Maddox gets to the heart of what defined Maggie all those years ago in her younger days, from her pathological hatred of socialism (in her mind she equated it solely with the Nazi's, and saw it simply as a kick in the teeth to individuality), to her almost inhuman ability to get by on 4 hours sleep every night (a habit that became ingrained in her as a young woman, when she worked long hours on the political campaign circuit). She also pinpoints when Maggie became the Iron Lady. What was startling for me about this book was that in her early years Maggie comes across as quite likeable, albeit a bit too bossy and desperately in need of a sense of humour! For example, Maddox presents a quite charming picture of pretty young Miss Roberts, the new chemistry teacher at a boys' school in the last few months of WW2. Her marriage to Dennis is also quite heartwarming, and Maggie looks quite startlingly beautiful in her wedding photo. As the young mother fighting 1950s Tory male prejudice to get a seat in parliament you admire her courage and tenacity, let alone her immense capacity for hard work.

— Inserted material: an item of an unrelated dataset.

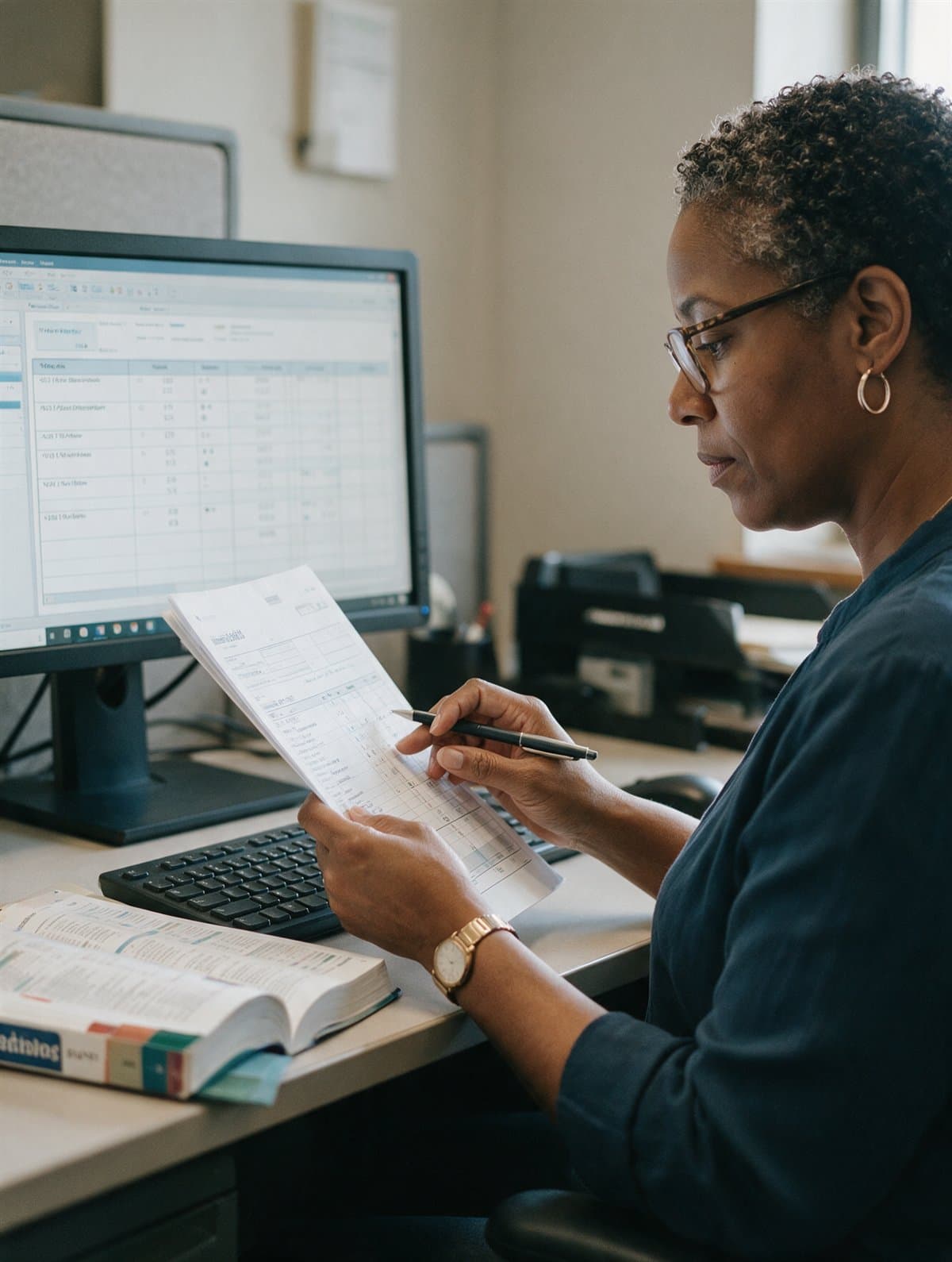 A medical billing specialist reviewing a claim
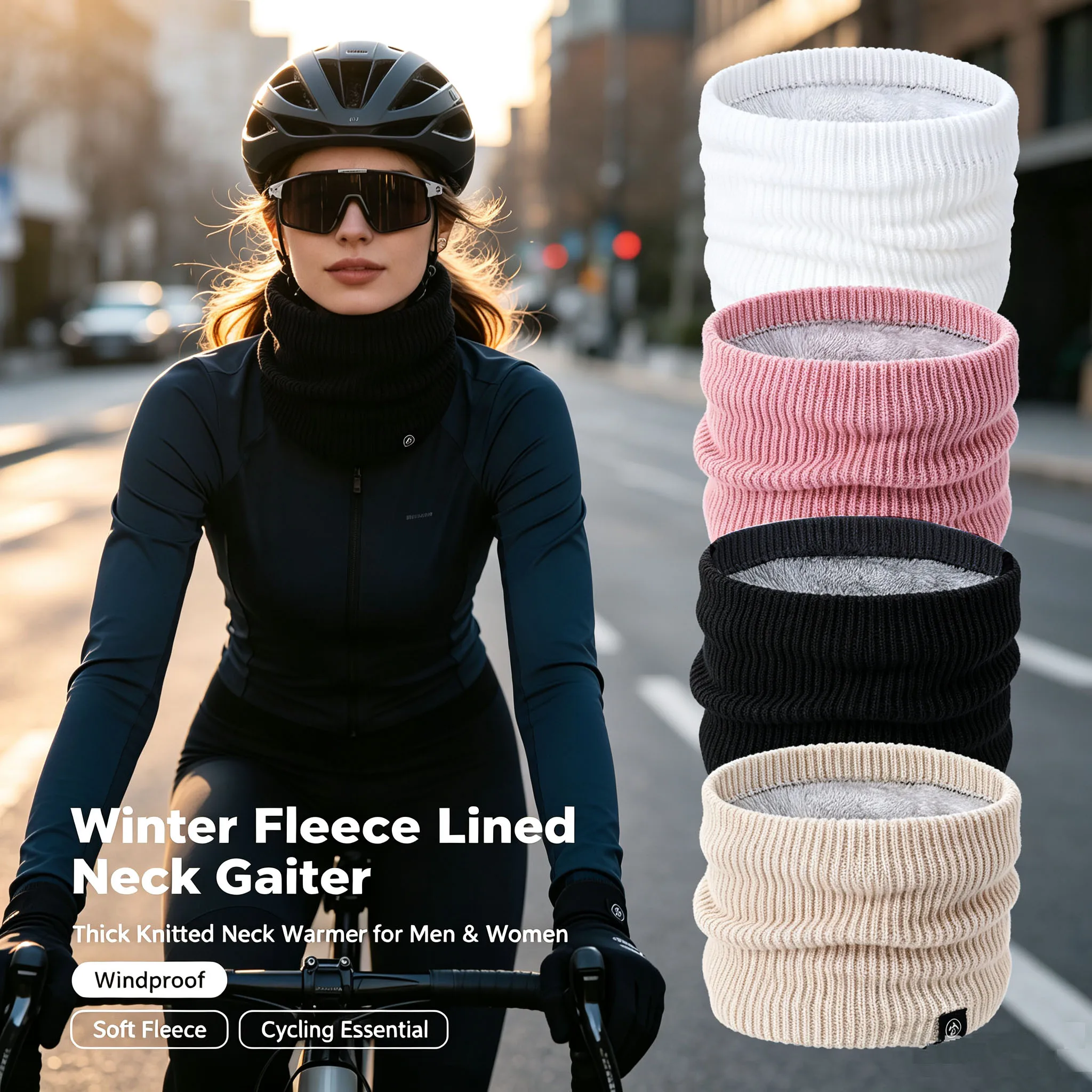 Thick Knitted Neck Warmer Soft Fleece Lining Cold-proof Collar Unisex Winter Face Cover for Skating Hiking Skiing Running Cyclin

I think where it all changes is during her time in Ted Heath's government, when she was exposed to her first taste of media backlash in the wake of the "Thatcher the Milk Snatcher" episode. Incredibly (when you think of the scorn heaped on politicians these days) it was her first taste of media criticism, and it hardened her. The Iron Lady was born. From then on it's quite hard to like Thatcher, her ambition and her dogmatism seem to replace whatever human characteristics she had. It's as if all the hard work and gritty determination she had had to pay out in her youth had robbed her of any balance. As Maddox points out, when describing Maggie's rather serious days as a student at Oxford, a bit of fun and frivolity in her youth would have helped her enormously later on in life!